Mary i Penny zajęły miejsca, a jedyne wolne jakie pozostało, było obok Olivera. Dziewczyna niechętnie położyła swoje książki na stoliku i zajęła miejsce obok Wooda.

- Słuchaj Olivia, muszę ci wytłumaczyć... - zaczął chłopak, jednak nauczyciel zaczął mówić.

- D-drodzy uczniowie d-dzisiaj zaczynamy d-demony w-w-wodne! S-słuchajcie mnie u-u-uważnie - przez to jąkanie, trudno było zrozumieć co mówi.

- Dobra, wszyscy wiedzą, że nikt go nie słucha. Zanim zacznie m wymieniać jakie są te demony to minie połowa lekcji - stwierdził Oliver, wracając spojrzeniem do Olivii.

- Ja nie chce stracić punktów - odwróciła się w stronę nauczyciela. - Więc proszę nie mów do mnie.
- Nie przestanę dopóki ci nie wyjaśnię - starał się zwrócić jej uwagę.

- Dzisiaj, od razu po lekcjach, błonia, nie spóźnij się, bo nie będę czekać - powiedziała stanowczo, więcej się do niego nie odzywając.

Profesor Quirell wygłaszał te swoje nauczycielskie pierdoły, podczas gdy uczniowie praktycznie go nie słuchali.

- Z-z t-tego będzie k-k-kartkówka! - zawołał na koniec lekcji nauczyciel.

- Z czego? - zapytała zdezorientowana Mary.

- Z t-tego o-o czym m-m-mówiłem.

Po wyjściu z sali, dziewczyny od razu podbiegły do przyjaciółki.

- Wy wredne małpy! - zawołała Olivia ściszonym głosem.

- Nie wiem o co ci chodzi... - Mary uśmiechnęła się, oglądając wokół.

- Ta na pewno, specjalnie chciałyście tak siąść - białowłosa założyła ręce na piersi.

- Słyszałam, że się spotkacie - Penelopa zmieniła temat.

- I co z tego? - krukonka rozłożyła ręce.

- Wracamy do stalku! - zawołała uradowana Mary. - Ej, a z czego ta kartkówka...

- Jak dobrze, że macie mnie! - odpowiedziała jej Olivia. - Trzeba będzie wymienić wszystkie gatunki morskich demonów, jest ich 25.

- Jak ja mam zapamiętać 25 nazw? - Mary podrapała się po głowie.

- Ciesz się, że nie będziesz musiała napisać jeszcze jak wyglądają i co robią!

- Jakoś sobie poradzimy - podsumowała Penny.

- Jak zawsze!

Po ostatniej lekcji, jaką było zielarstwo, którą krukoni mieli z puchonami, Olivia udała się na błonia.

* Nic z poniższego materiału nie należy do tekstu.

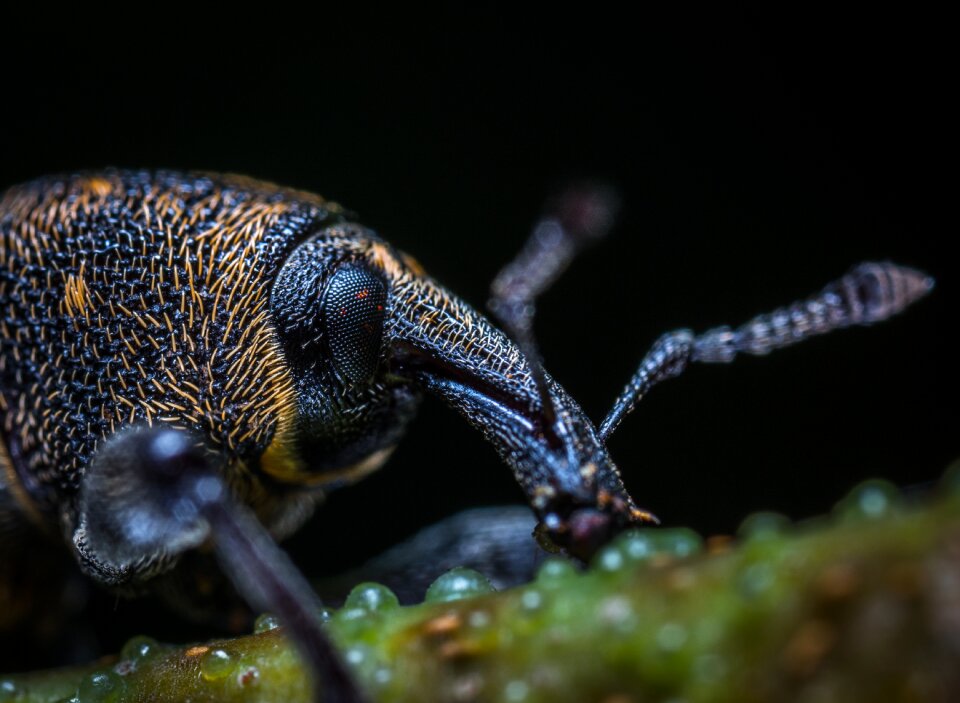Animals insect beetle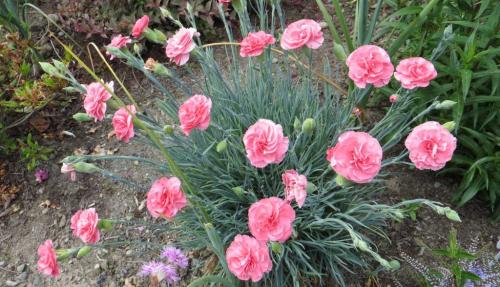 Цветы для клумбы непрерывного цветения. Однолетники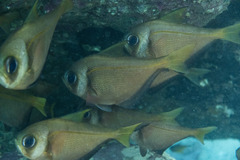 Pempheris compressa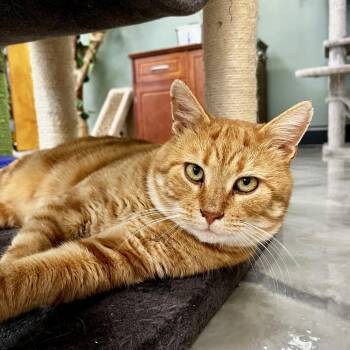 Leo -  Domestic Short Hair Cat for Adoption in Kennett Square, Pennsylvania - Leo | PetCurious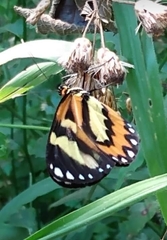 Placidina euryanassa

Po drodze jednak zatrzymał ją Marcus Flint.

- Hej, pomyślałem, że może chciałabyś się ze mną przespacerować, pogadać? - uniósł znacząco brwi.

- Nie dzięki, jestem zajęta - odparła mu obojętnie.

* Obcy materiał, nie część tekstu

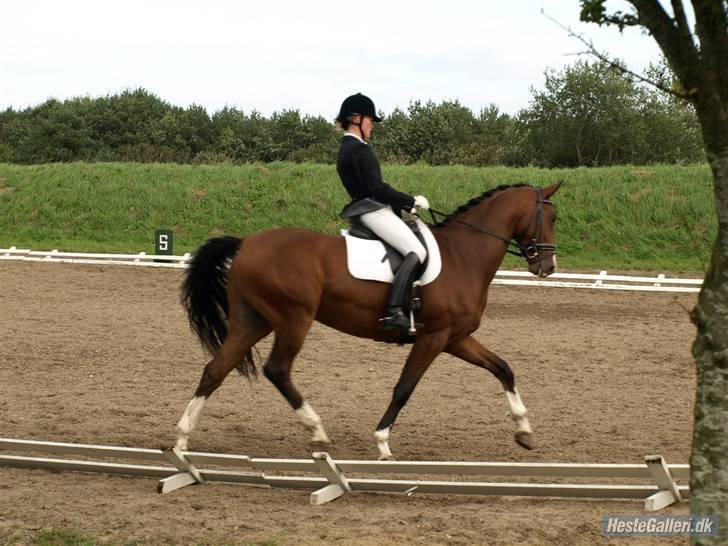 Heste  - Shadow til C-stævne i Viborg d.15/9. La1 for junior til ikke mindre end 75%! :D dejlig lille hest jeg har lånt :} billede 8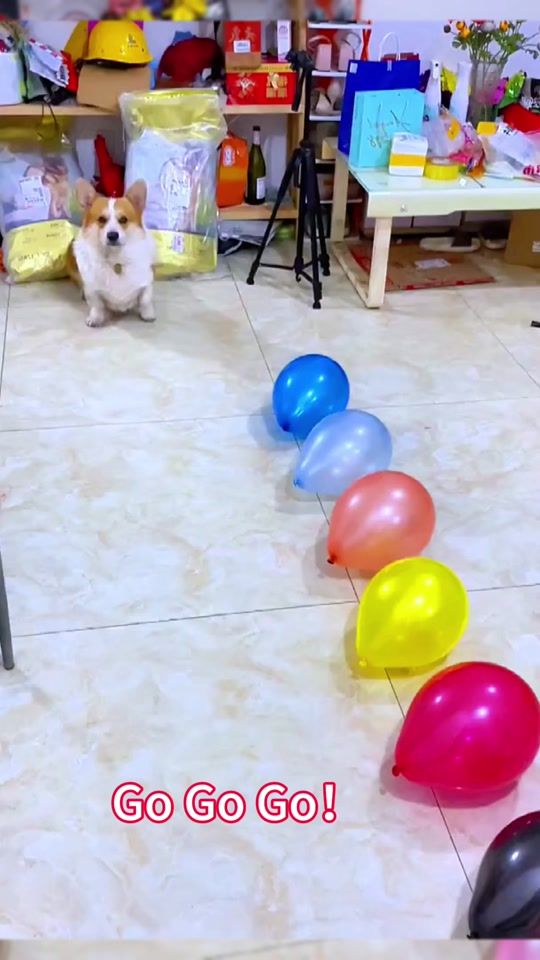 TikTok video thumbnail by bell888666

- Niby czym? - ślizgon nie chciał przepuścić jej dalej.

- Mam spotkanie - próbowała go wyminąć, jednak złapał ją za rękę.

- Zawsze możesz je odwołać - uśmiechnął się do niej, pokazując swoje krzywe zęby.

- Innym razem - skrzywiła się i odepchnęła chłopaka.

- Nie umówisz się z kapitanem drużyny Slytherinu? - rozłożył ręce.

- Nie zbiera mi się.

- Zobaczysz, że później będziesz tego żałować - pogroził jej palcem.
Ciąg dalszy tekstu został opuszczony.